Making a Timely Election

Making a timely election will avoid headaches, a possible denial by the IRS of S corporation status, and a possible user fee.  A business entity that wants to be taxed as a corporation usually should file with the IRS a completed Form 2553 either:

a)    No more than two months and 15 days after the beginning of the tax year the election is to take effect; or

b)    At any time preceding the tax year it is to take effect.

Thus, shareholders and directors of brand new corporations should note that the deadline to make a timely election will generally be two months and 15 days.   The taxable year of a new corporation begins on the date that the corporation has shareholders, acquires assets, or begins doing business, whichever is the first to occur.

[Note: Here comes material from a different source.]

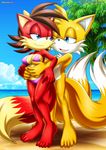  2015 2_tails anthro archie_comics bbmbbf beach bikini black_nose blue_eyes bow breasts canine clothed clothing couple cream_fur cute duo eye_contact female fiona_fox fox fur hair half-closed_eyes hands_on_stomach hug looking_back male male/female mammal miles_prower mobian_(species) mobius_unleashed multiple_tails nipple_bulge one_eye_closed open_mouth orange_fur palcomix red_fur red_hair sea seaside short_hair smile sonic_(series) standing swimsuit water white_fur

What If an Election Is Late?

The IRS may provide relief for a late election.  Nevertheless, the taxpayer must either:

a)    meet a series of requirements, including convincing the IRS that it had reasonable cause for its failure to timely file Form 2553; or

b)    request a private letter ruling and possibly pay a user fee.

Terminating or Revoking an Accepted Election to Be an S Corporation

An election that is accepted by the IRS stays in effect until it is terminated or revoked.  Shareholders and directors of S corporations should be mindful of the potential roadblocks in again obtaining S corporation status once their entity’s S corporation status is revoked or terminated.  For any tax year before the fifth tax year after the first tax year in which the termination or revocation took effect, IRS consent is required to elect S corporation status.

*This document contains legal and tax information, but does not contain legal advice.

*This document has examined Florida and Federal U.S. laws in effect in July 2011.